Analysis of this qualitative data suggested that 25% (14/114) of respondents who commented think that credentials, qualifications, knowledge, and merit should be the focus even if they stated that DEI is important to promote. In particular, there is some concern that a focus on DEI could lead to policies (quotas) that prioritize DEI over individual qualifications (14/114 [12%]). Thirty-six percent (31/114) of respondents did not consider DEI an important initiative to promote either because there is no evidence that lack of diversity is currently a problem (14% [16/114]) or because a DEI focus is outside the scope of the ACVS, which should instead focus on the mission of training and supporting surgeons (22% [25/114]). Twenty-four percent (28/114) of respondents stated that they are in support of DEI initiatives, particularly the creation of pipelines to target underrepresented populations. Twelve percent (14/114) of respondents expressed support for an emphasis on gender identity equity and inclusion, but not diversity. Finally, a small percentage (9/114 [8%]) of respondents thought debt and other issues were more important than DEI.

Relationship between demographic factors and perspectives on DEI

Males were more likely than females to say that DEI is important to promote (P < .001). A significant relationship was also found between age and number of years in practice as a diplomate and views related to DEI. Specifically, younger diplomates were more likely than older diplomates to say that DEI is important to promote (P < .001; Figure 1). Respondents that identified as first-generation college students were also less likely to consider DEI an important initiative to promote (P = .008); however, these individuals were predominantly individuals of increased age (P < .001). It is important to note that gender and age were also related in that male respondents were younger with fewer years in practice as a diplomate (P < .001).

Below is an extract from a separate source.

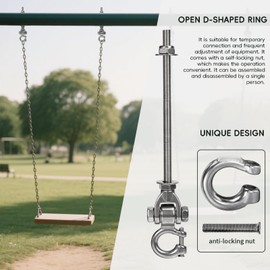GW Gwongvvei Heavy Duty Swing Hangers for Wooden Sets1000LB Capacity Hammock Hanger Stainless Steel Swing Hardware Accessories 2 Packs 12" for Porch Playground Yoga Heavy Bag Swingset Part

Of note, our total sample skewed younger, with only 13% being 65+ and males accounting for only 4% of this age group.

Figure 1
Figure 1

Graph of the number of respondents within each age group that responded for or against support of the American College of Veterinary Surgeons (ACVS) promoting diversity, equity, and inclusion (DEI) initiatives. Younger diplomates were more likely than older diplomates to say that DEI is important to promote (P < .001).

Citation: Journal of the American Veterinary Medical Association 261, 12; 10.2460/javma.23.06.0310

Respondents who indicated that DEI is important to promote were more likely to support DEI initiatives and pipelines (P < .001). Respondents who indicated that DEI is not important to promote were more likely to say that credentials, qualifications, knowledge, and merit should be the main focus of the specialty college (P = .035; Figure 2) or that it is outside the scope of the ACVS (P < .001; Figure 3).

Figure 2
Figure 2

Graph of the relationship between whether respondents believed that DEI was important to promote and whether they believed that credentials, qualifications, knowledge, and merit should be the focus. Respondents who indicated that DEI is not important to promote were more likely to say that credentials, qualifications, knowledge, and merit should be the focus (P = .035). Bar with asterisk indicates statistical significance.

Citation: Journal of the American Veterinary Medical Association 261, 12; 10.2460/javma.23.06.0310

Figure 3
Figure 3

Relationship between whether respondents believed that DEI was important to promote and whether they believed that it was outside the scope of the ACVS. Respondents who indicated that DEI is not important to promote were more likely to say that it is outside the scope of the ACVS (P < .001). Bar with asterisk indicates statistical significance.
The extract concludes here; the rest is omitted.